Parlando di utopia non voglio affatto affermare che si debba ritenere impossibile, per qualche misteriosa ragione, la riproduzione tecnica di procedure che si possano chiamare «intelligenti». Fornendo una definizione opportuna di procedura intelligente la questione di questa possibilità potrebbe essere anzi considerata già positivamente risolta. Non dobbiamo infatti dimenticare che quando si parla di intelligenza artificiale non si fa affatto solo un discorso al futuro, ma ci si richiama anche a prodotti già pronti e reperibili sul mercato. Anche tenendo conto di ciò non vedo per quali ragioni si debba mantenere quel riferimento utopico che poteva forse essere giustificato come elemento propulsore negli stadi più arretrati di questi sviluppi.
Si tratta dunque di attenersi alla dimensione reale del problema. Ciò che io mi chiedo è, in altri termini, se non dobbiamo prendere atto, appunto realisticamente, di un momento nuovo nel rapporto tra l’uomo del novecento e la tecnologia del novecento, tra noi e la nostra tecnologia. Per caratterizzare questo momento nuovo parlerei forse di una sorta di pacificazione, o, ancor meglio, di superamento del disagio di fronte agli eccezionali sviluppi tecnologici che il nostro secolo ha conosciuto e che fanno parte della sua storia più interna e profonda. Questo disagio ha dato luogo a forme equivoche di rifiuto, a posizioni catastrofiche, ad atteggiamenti depressi e deprimenti di fronte alla tecnica. L’uomo è diventato antiquato - si è detto efficacemente, cioè con un’efficace dichiarazione di impotenza. Una eco di questo disagio si avverte in realtà anche in molti discorsi orientati in direzione opposta, nei discorsi euforici piuttosto che in quelli depressi.

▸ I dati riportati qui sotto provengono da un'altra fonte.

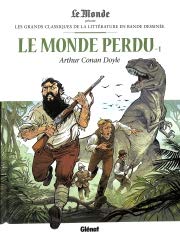 Le Monde Perdu - Tome 1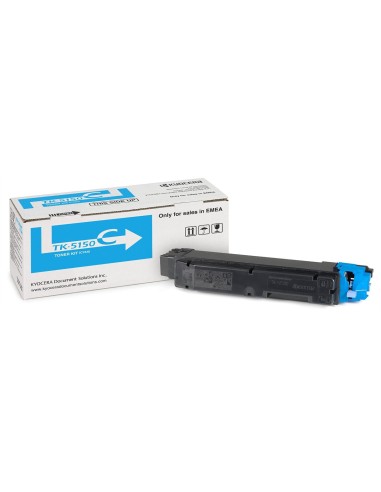 Tooner Kyocera TK-5150C sinine (10000lk)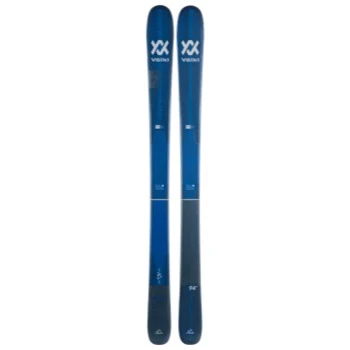 Volkl Blaze 94 W Skis - Women's By Volkl 1 Volkl Blaze 94 W Skis - Women's By Volkl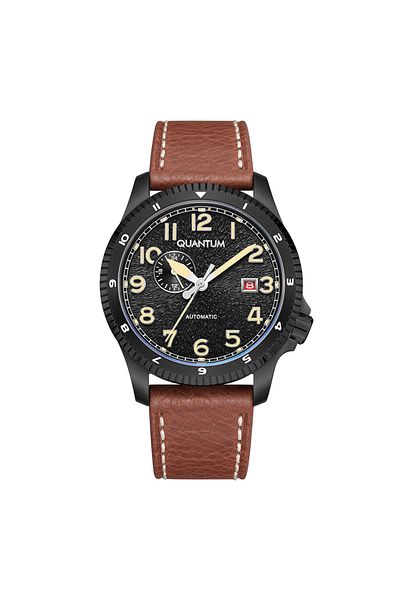 Quantum Qmg1151.095 Pilot Wrist Watch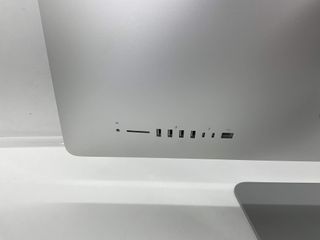 ordenador apple apple imac core i9 3.6 27 5k (2019) (a2115)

A me sembra che si debba prendere atto del fatto che ci stiamo ormai rappacificando con la nostra tecnologia, che il disagio di un tempo stia via via venendo meno. Non abbiamo dunque più bisogno di sentirci impotenti e nemmeno onnipotenti, e stiamo cercando, e forse in parte, abbiamo già trovato un giusto punto di equilibrio, un più corretto punto di vista per comprendere, giudicare e valutare. Bisogna insomma prendere atto del fatto che l’uomo del novecento è diventato adulto, anzi è invecchiato, ha quasi novanta anni - e sarebbe un grave errore non tenerne conto.